Fuel homogenizers are also utilized to prevent fuel degradation when installed over fuel tanks. This application is particularly beneficial for biofuels, blends, and low-quality fuels, as the homogenizer helps maintain fuel stability by preventing stratification and ensuring consistent fuel flow.

== Technology and functionality ==
The core technology of fuel homogenizers involves the application of mechanical shear forces to reduce fuel particle sizes to between 3 and 5 micron. This is typically achieved using a rotor-stator mechanism that subjects the fuel to intense shear forces, breaking down larger particles and clusters.

This process not only improves fuel atomization during combustion but also reduces the formation of sludge and carbon deposits within the engine. Additionally, homogenization can enhance water-in-fuel emulsions, where small amounts of water are mixed with fuel to lower combustion temperatures, thereby reducing NO_{x} emissions.

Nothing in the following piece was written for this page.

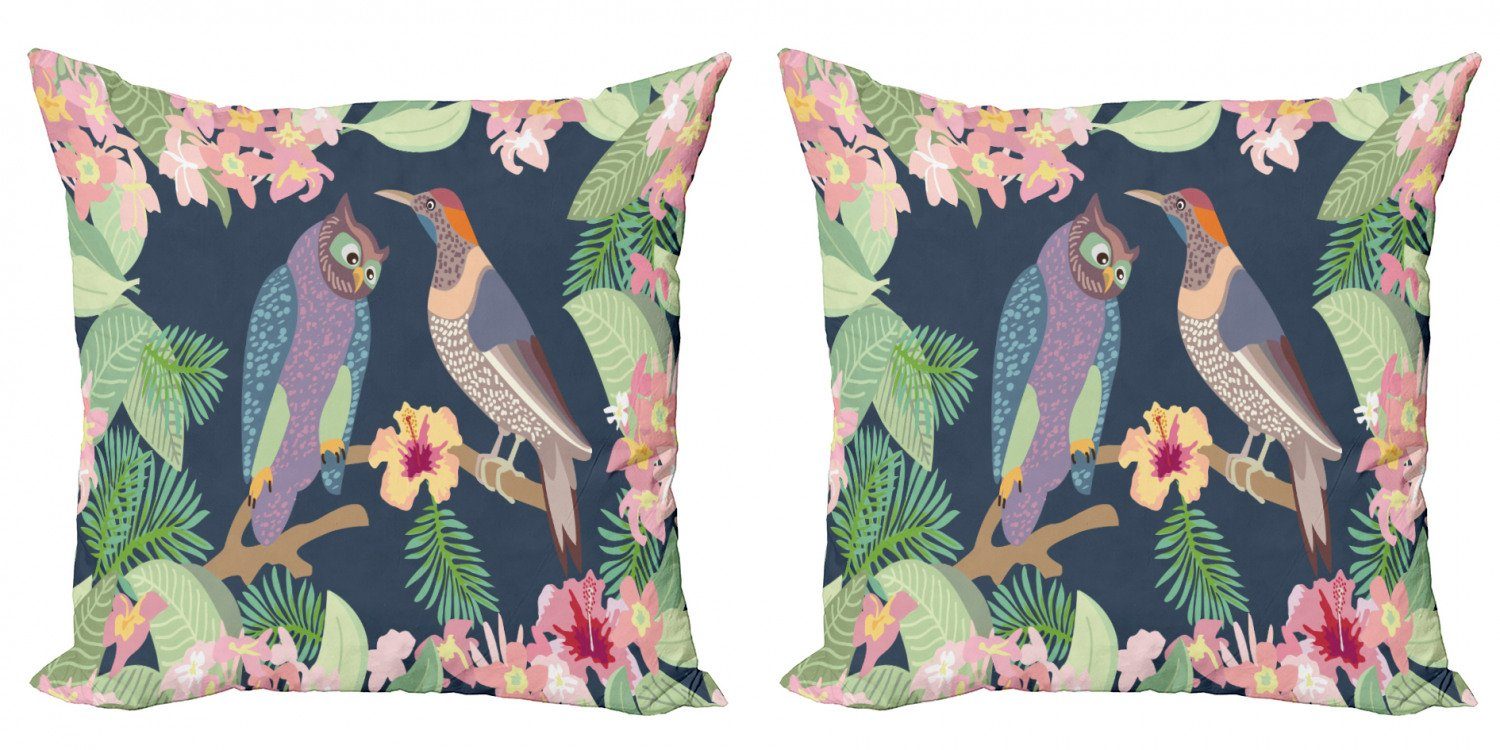 Accent (2 Owl Abakuhaus Avian Digitaldruck, Modern Vögel Asian Stück), Exotische Kissenbezüge Doppelseitiger Blätter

== Water-fuel emulsions ==
Water-fuel emulsions (WFE) are created by mixing water into the fuel to form a stable emulsion. This method is beneficial for reducing harmful emissions and improving combustion efficiency. The evaporation of water during combustion causes micro-explosions that further break down fuel droplets, resulting in finer atomization and more complete combustion.

== Applications ==
Fuel homogenizers are employed in several industries:

- Maritime shipping: In the maritime industry, homogenizers reduce sludge formation, improve engine efficiency, and assist vessels in complying with international emissions regulations such as MARPOL Annex VI. The reduction of CO_{2} emissions through fuel savings is increasingly important due to regulations like the EU Emissions Trading System (EU ETS) and the FuelEU Maritime initiative, which aim to reduce greenhouse gas emissions from the maritime sector.
- Power generation: Power plants that utilize heavy fuels benefit from improved fuel atomization and sludge reduction when using homogenizers, leading to enhanced combustion efficiency and reduced emissions.
- Biofuels and blends: Homogenizers are critical in stabilizing biofuels and fuel blends, ensuring smooth engine operation and consistent fuel quality.

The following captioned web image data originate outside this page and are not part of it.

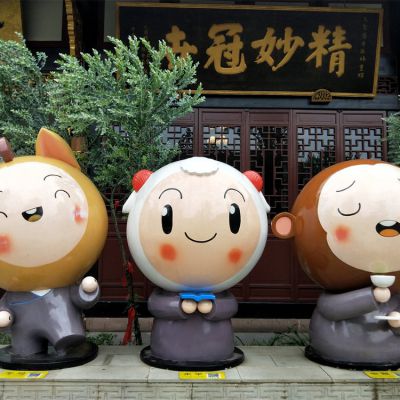 园林商场玻璃钢卡通十二生肖摆件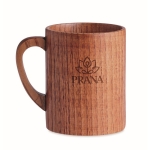 Caneca gravada de madeira de carvalho de 280ml Oak Wood cor madeira vista principal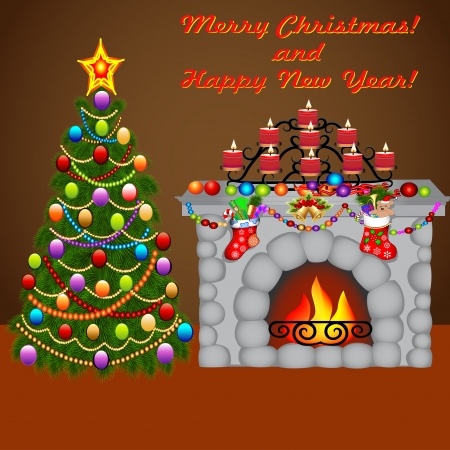 illustration of the Christmas tree, and a fireplace with socks with giftsのイラスト素材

== Environmental and economic benefits ==
The use of fuel homogenizers offers both environmental and economic advantages:

- Reduction in emissions: By improving fuel atomization and combustion efficiency, homogenizers contribute to lower emissions of NO_{x}, particulate matter, and carbon dioxide (CO_{2}). Improved combustion efficiency results in reduced fuel consumption, leading to lower CO_{2} emissions per unit of energy produced.
- Compliance with emission regulations: The reduction in CO_{2} emissions is significant in the context of emission trading systems such as the European Union Emissions Trading System (EU ETS). Under the EU ETS and the upcoming FuelEU Maritime regulation, maritime operators are required to monitor, report, and reduce their greenhouse gas emissions. Fuel homogenizers can assist in achieving compliance by lowering CO_{2} emissions through improved fuel efficiency.
- Cost savings: Reduced sludge formation and improved combustion efficiency can lower fuel consumption and decrease costs associated with sludge disposal and emission allowances.
- Extended equipment lifespan: Decreased sludge and carbon deposits allow for longer intervals between engine maintenance, reducing operational costs and extending the lifespan of equipment.